[Exercise details]
Exactly as given, output all the records that follow.

[Source data]
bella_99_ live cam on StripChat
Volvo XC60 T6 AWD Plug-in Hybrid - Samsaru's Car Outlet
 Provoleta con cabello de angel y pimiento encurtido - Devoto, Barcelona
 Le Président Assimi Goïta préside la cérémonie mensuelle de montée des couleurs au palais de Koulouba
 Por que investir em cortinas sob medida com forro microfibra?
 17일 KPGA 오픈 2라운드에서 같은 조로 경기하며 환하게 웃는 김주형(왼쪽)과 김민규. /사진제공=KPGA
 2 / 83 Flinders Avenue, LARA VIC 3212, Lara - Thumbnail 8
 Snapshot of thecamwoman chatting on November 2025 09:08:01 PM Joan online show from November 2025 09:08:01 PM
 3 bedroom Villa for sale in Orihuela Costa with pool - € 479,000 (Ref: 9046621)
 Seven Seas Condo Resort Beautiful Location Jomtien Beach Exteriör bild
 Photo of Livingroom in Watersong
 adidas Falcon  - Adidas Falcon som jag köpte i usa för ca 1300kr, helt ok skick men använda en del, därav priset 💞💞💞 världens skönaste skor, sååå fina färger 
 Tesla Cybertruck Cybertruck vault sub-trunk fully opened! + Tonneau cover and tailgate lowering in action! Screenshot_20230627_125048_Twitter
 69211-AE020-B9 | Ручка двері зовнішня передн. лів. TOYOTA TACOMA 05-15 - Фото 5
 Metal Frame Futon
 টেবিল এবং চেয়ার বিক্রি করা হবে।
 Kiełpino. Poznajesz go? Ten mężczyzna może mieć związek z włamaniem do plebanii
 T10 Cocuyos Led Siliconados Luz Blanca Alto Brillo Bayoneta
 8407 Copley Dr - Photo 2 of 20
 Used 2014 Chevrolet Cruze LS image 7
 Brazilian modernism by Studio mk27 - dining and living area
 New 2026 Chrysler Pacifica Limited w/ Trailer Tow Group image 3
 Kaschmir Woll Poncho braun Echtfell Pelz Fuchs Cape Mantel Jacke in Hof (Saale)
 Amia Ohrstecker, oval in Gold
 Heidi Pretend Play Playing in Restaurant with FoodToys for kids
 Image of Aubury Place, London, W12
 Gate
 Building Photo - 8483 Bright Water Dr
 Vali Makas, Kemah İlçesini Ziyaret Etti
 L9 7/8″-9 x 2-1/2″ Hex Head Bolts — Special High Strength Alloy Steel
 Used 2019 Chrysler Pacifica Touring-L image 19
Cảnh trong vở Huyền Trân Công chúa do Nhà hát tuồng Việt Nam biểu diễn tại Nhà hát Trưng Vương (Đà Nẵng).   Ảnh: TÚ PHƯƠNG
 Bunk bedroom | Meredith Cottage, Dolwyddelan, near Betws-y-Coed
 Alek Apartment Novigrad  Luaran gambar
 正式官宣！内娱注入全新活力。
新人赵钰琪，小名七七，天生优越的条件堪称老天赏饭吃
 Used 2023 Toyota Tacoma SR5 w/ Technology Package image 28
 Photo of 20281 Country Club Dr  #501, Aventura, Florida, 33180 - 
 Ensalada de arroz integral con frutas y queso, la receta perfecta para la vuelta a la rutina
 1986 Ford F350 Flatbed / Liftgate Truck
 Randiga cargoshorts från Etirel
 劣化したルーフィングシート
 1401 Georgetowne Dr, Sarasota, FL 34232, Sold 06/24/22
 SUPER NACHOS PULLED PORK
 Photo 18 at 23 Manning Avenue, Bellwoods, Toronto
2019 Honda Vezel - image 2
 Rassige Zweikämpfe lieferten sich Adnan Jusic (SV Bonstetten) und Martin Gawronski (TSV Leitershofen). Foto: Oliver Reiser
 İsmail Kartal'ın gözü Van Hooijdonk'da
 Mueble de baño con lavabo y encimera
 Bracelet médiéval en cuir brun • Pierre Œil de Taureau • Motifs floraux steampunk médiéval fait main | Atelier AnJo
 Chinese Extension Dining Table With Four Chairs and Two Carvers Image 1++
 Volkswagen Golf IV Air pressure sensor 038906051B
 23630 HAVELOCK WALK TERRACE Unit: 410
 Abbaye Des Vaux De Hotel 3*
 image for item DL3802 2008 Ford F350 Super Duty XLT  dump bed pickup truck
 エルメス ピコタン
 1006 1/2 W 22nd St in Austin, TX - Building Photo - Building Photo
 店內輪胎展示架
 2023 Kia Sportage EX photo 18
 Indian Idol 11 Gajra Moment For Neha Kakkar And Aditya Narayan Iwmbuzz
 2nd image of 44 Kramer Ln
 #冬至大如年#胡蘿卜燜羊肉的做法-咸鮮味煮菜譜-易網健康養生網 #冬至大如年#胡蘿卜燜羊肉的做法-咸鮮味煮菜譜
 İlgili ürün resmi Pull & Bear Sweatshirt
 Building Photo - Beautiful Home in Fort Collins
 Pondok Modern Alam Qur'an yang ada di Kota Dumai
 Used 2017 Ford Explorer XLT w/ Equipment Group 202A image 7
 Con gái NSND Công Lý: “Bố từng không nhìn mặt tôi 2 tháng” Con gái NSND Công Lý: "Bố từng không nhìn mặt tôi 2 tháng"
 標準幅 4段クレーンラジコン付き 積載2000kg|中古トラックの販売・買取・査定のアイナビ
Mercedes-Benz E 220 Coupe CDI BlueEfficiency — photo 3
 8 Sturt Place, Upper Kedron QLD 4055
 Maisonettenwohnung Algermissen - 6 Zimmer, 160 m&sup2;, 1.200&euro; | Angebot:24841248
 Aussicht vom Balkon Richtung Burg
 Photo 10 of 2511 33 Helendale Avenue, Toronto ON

[Result for this exercise]
bella_99_ live cam on StripChat
Volvo XC60 T6 AWD Plug-in Hybrid - Samsaru's Car Outlet
 Provoleta con cabello de angel y pimiento encurtido - Devoto, Barcelona
 Le Président Assimi Goïta préside la cérémonie mensuelle de montée des couleurs au palais de Koulouba
 Por que investir em cortinas sob medida com forro microfibra?
 17일 KPGA 오픈 2라운드에서 같은 조로 경기하며 환하게 웃는 김주형(왼쪽)과 김민규. /사진제공=KPGA
 2 / 83 Flinders Avenue, LARA VIC 3212, Lara - Thumbnail 8
 Snapshot of thecamwoman chatting on November 2025 09:08:01 PM Joan online show from November 2025 09:08:01 PM
 3 bedroom Villa for sale in Orihuela Costa with pool - € 479,000 (Ref: 9046621)
 Seven Seas Condo Resort Beautiful Location Jomtien Beach Exteriör bild
 Photo of Livingroom in Watersong
 adidas Falcon  - Adidas Falcon som jag köpte i usa för ca 1300kr, helt ok skick men använda en del, därav priset 💞💞💞 världens skönaste skor, sååå fina färger 
 Tesla Cybertruck Cybertruck vault sub-trunk fully opened! + Tonneau cover and tailgate lowering in action! Screenshot_20230627_125048_Twitter
 69211-AE020-B9 | Ручка двері зовнішня передн. лів. TOYOTA TACOMA 05-15 - Фото 5
 Metal Frame Futon
 টেবিল এবং চেয়ার বিক্রি করা হবে।
 Kiełpino. Poznajesz go? Ten mężczyzna może mieć związek z włamaniem do plebanii
 T10 Cocuyos Led Siliconados Luz Blanca Alto Brillo Bayoneta
 8407 Copley Dr - Photo 2 of 20
 Used 2014 Chevrolet Cruze LS image 7
 Brazilian modernism by Studio mk27 - dining and living area
 New 2026 Chrysler Pacifica Limited w/ Trailer Tow Group image 3
 Kaschmir Woll Poncho braun Echtfell Pelz Fuchs Cape Mantel Jacke in Hof (Saale)
 Amia Ohrstecker, oval in Gold
 Heidi Pretend Play Playing in Restaurant with FoodToys for kids
 Image of Aubury Place, London, W12
 Gate
 Building Photo - 8483 Bright Water Dr
 Vali Makas, Kemah İlçesini Ziyaret Etti
 L9 7/8″-9 x 2-1/2″ Hex Head Bolts — Special High Strength Alloy Steel
 Used 2019 Chrysler Pacifica Touring-L image 19
Cảnh trong vở Huyền Trân Công chúa do Nhà hát tuồng Việt Nam biểu diễn tại Nhà hát Trưng Vương (Đà Nẵng).   Ảnh: TÚ PHƯƠNG
 Bunk bedroom | Meredith Cottage, Dolwyddelan, near Betws-y-Coed
 Alek Apartment Novigrad  Luaran gambar
 正式官宣！内娱注入全新活力。
新人赵钰琪，小名七七，天生优越的条件堪称老天赏饭吃
 Used 2023 Toyota Tacoma SR5 w/ Technology Package image 28
 Photo of 20281 Country Club Dr  #501, Aventura, Florida, 33180 - 
 Ensalada de arroz integral con frutas y queso, la receta perfecta para la vuelta a la rutina
 1986 Ford F350 Flatbed / Liftgate Truck
 Randiga cargoshorts från Etirel
 劣化したルーフィングシート
 1401 Georgetowne Dr, Sarasota, FL 34232, Sold 06/24/22
 SUPER NACHOS PULLED PORK
 Photo 18 at 23 Manning Avenue, Bellwoods, Toronto
2019 Honda Vezel - image 2
 Rassige Zweikämpfe lieferten sich Adnan Jusic (SV Bonstetten) und Martin Gawronski (TSV Leitershofen). Foto: Oliver Reiser
 İsmail Kartal'ın gözü Van Hooijdonk'da
 Mueble de baño con lavabo y encimera
 Bracelet médiéval en cuir brun • Pierre Œil de Taureau • Motifs floraux steampunk médiéval fait main | Atelier AnJo
 Chinese Extension Dining Table With Four Chairs and Two Carvers Image 1++
 Volkswagen Golf IV Air pressure sensor 038906051B
 23630 HAVELOCK WALK TERRACE Unit: 410
 Abbaye Des Vaux De Hotel 3*
 image for item DL3802 2008 Ford F350 Super Duty XLT  dump bed pickup truck
 エルメス ピコタン
 1006 1/2 W 22nd St in Austin, TX - Building Photo - Building Photo
 店內輪胎展示架
 2023 Kia Sportage EX photo 18
 Indian Idol 11 Gajra Moment For Neha Kakkar And Aditya Narayan Iwmbuzz
 2nd image of 44 Kramer Ln
 #冬至大如年#胡蘿卜燜羊肉的做法-咸鮮味煮菜譜-易網健康養生網 #冬至大如年#胡蘿卜燜羊肉的做法-咸鮮味煮菜譜
 İlgili ürün resmi Pull & Bear Sweatshirt
 Building Photo - Beautiful Home in Fort Collins
 Pondok Modern Alam Qur'an yang ada di Kota Dumai
 Used 2017 Ford Explorer XLT w/ Equipment Group 202A image 7
 Con gái NSND Công Lý: “Bố từng không nhìn mặt tôi 2 tháng” Con gái NSND Công Lý: "Bố từng không nhìn mặt tôi 2 tháng"
 標準幅 4段クレーンラジコン付き 積載2000kg|中古トラックの販売・買取・査定のアイナビ
Mercedes-Benz E 220 Coupe CDI BlueEfficiency — photo 3
 8 Sturt Place, Upper Kedron QLD 4055
 Maisonettenwohnung Algermissen - 6 Zimmer, 160 m&sup2;, 1.200&euro; | Angebot:24841248
 Aussicht vom Balkon Richtung Burg
 Photo 10 of 2511 33 Helendale Avenue, Toronto ON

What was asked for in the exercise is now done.